Asynchronous Complex Analytics in a Distributed Dataflow Architecture – Gonzalez et al. 2015

Here’s a theme we’ve seen before: the programming model offered by large scale distributed systems doesn’t always lend itself to efficient algorithms for solving certain classes of problems. In today’s paper, Gonzalez et al. examine the growing gap between efficient machine learning algorithms exploiting asynchrony and fine-grained communication, and commodity distributed dataflow systems (Hadoop and Spark) that are optimized for coarse-grained models.

We’ve also seen how effective coordination avoidance can be in the context of distributed datastores. The same theme is emerging in machine learning where for some algorithms non-serializable lock-free implementations offer significant speed-ups, and the statistical nature of the problem means that these implementations can still guarantee correctness.

Consider stochastic gradient descent:

If we wish to use an algorithm like SGD on large datasets, it would be advantageous to parallelize the calculation. A classic technique—adopted by large-scale machine learning frameworks such as MLbase/MLlib —is mini-batch gradient descent in which, at each step, the average gradient is calculated in parallel for a random subset of the data and then applied to the previous best solution. This is, in effect, BSP execution, with the gradient evaluation done in parallel and the actual gradient step performed serially.

This approach is well-matched to Apache Spark’s processing model. BSP has periodic synchronization to move processes from one superstep to another. In place of this periodic synchronous communication though, the ML community is looking towards continuous asynchronous communication. This is not well suited to the Apache Spark model.

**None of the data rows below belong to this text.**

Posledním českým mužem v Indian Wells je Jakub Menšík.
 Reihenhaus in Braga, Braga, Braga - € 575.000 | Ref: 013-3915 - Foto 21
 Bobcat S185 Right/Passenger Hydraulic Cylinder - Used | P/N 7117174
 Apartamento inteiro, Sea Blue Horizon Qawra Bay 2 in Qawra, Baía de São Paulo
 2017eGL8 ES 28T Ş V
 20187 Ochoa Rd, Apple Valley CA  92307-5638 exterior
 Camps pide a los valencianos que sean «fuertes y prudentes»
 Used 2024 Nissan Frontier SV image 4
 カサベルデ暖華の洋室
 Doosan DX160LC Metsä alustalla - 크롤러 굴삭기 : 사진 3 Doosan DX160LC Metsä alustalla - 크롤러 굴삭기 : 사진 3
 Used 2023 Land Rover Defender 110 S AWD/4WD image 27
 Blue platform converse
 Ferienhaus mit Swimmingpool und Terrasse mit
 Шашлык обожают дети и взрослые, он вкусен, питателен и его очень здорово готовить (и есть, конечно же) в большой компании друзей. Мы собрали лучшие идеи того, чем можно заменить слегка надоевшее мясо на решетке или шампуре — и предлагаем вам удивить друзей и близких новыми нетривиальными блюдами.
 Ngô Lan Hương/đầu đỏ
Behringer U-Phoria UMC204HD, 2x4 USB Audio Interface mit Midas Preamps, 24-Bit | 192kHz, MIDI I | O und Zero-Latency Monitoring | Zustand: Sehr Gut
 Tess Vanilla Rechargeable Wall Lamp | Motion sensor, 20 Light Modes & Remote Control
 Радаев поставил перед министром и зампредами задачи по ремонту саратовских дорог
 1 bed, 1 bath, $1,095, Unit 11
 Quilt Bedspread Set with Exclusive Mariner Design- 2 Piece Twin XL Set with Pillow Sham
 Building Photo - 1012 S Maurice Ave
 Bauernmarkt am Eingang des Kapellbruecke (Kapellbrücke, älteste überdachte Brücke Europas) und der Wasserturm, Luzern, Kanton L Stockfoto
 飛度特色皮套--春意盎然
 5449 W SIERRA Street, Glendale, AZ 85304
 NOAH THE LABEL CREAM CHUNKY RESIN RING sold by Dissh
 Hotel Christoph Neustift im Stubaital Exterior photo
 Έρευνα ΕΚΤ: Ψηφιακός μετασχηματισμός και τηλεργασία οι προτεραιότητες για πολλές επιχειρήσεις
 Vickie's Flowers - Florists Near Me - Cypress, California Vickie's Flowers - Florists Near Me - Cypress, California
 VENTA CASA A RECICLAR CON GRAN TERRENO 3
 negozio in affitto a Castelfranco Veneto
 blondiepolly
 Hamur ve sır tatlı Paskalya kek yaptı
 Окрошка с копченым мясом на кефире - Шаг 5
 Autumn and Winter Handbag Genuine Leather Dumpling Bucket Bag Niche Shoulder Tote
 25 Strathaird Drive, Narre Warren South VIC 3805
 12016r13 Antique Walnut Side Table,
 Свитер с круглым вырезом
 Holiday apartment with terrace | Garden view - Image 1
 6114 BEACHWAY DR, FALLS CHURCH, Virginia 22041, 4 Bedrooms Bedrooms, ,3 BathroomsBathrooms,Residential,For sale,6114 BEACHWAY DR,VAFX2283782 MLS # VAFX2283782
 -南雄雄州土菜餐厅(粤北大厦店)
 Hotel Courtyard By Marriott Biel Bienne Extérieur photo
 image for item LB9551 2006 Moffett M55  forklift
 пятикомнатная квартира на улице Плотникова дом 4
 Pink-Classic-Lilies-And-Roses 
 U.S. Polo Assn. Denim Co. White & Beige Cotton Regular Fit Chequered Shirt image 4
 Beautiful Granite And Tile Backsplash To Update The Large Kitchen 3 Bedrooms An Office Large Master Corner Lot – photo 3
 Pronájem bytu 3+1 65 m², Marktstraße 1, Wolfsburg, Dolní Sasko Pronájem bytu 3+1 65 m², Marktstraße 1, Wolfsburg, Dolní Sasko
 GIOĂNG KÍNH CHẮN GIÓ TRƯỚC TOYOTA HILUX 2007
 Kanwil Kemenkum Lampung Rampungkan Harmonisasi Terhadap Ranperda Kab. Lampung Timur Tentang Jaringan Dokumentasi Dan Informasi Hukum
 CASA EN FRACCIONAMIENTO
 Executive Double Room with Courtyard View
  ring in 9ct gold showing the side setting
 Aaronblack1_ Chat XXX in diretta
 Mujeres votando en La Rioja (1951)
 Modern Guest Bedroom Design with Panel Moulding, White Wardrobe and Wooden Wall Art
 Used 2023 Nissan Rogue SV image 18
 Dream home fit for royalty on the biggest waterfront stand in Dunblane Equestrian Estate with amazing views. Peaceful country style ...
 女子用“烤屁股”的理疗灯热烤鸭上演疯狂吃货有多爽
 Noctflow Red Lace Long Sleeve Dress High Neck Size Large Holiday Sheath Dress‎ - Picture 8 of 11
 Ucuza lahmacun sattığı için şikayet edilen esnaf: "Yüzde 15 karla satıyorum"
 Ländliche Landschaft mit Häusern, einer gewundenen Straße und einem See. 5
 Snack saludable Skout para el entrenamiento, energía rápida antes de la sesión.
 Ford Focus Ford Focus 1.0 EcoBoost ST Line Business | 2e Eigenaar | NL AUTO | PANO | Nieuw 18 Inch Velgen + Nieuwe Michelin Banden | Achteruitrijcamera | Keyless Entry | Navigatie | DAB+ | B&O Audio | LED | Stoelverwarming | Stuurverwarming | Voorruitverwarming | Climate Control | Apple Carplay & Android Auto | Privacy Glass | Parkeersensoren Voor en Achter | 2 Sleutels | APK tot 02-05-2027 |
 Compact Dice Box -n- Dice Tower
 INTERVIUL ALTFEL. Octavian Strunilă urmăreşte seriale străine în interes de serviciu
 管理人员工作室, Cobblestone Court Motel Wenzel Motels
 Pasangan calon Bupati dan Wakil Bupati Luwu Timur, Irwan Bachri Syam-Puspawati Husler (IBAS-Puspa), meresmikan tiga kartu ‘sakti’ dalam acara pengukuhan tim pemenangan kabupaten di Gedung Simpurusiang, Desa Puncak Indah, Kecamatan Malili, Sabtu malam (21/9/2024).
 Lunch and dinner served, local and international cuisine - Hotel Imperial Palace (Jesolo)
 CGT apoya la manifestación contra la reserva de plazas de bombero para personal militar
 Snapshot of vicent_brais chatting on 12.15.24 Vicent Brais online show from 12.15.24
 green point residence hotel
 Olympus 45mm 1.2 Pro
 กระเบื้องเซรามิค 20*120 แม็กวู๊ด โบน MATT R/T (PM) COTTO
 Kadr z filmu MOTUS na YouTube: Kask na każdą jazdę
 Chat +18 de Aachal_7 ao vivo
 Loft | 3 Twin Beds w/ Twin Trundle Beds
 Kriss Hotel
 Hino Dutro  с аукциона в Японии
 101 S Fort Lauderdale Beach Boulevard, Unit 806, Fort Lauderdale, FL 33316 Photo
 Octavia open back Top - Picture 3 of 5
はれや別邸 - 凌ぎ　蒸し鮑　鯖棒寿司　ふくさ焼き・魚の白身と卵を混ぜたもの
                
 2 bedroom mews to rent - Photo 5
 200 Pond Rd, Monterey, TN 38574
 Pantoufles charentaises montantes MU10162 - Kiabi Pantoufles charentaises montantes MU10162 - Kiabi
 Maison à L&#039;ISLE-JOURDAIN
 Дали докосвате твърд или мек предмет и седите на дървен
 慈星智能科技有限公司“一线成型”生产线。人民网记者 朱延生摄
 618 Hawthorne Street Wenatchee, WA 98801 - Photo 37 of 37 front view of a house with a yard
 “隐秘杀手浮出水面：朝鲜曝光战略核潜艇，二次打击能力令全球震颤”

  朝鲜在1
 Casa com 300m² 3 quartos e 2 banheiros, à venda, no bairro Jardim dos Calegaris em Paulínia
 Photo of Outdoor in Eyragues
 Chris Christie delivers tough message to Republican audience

Recent work in the machine learning community has examined an alternative approach: instead of simply parallelizing gradient computation, a set of parallel solvers proceeds entirely concurrently, relying on asynchronous communication of intermediate gradient steps. As an example, the HOGWILD! implementation of SGD places a single copy of the model in the memory of a multi-core server and runs multiple worker processes that simultaneously run gradient steps in parallel. Each gradient update may partially or completely overwrite or be overwritten by another solver’s update, leading to non-serializable execution. However, empirically, this “lock-free” approach can deliver substantial speedups over serializable mechanisms like locking. Dropping synchronization barriers improves performance without compromising correctness (at least on a single machine). The rationale behind HOGWILD! is that, with sufficiently rare conflicts and sufficiently fast communication (i.e., cache coherency delays on the order of tens or hundreds of cycles), correctness can still be guaranteed—even theoretically. The statistical robustness inherent in the SGD algorithm as well as limited read/write inconsistency still leads to a good solution—without incurring the overhead of more coordination-intensive approaches like BSP or locking.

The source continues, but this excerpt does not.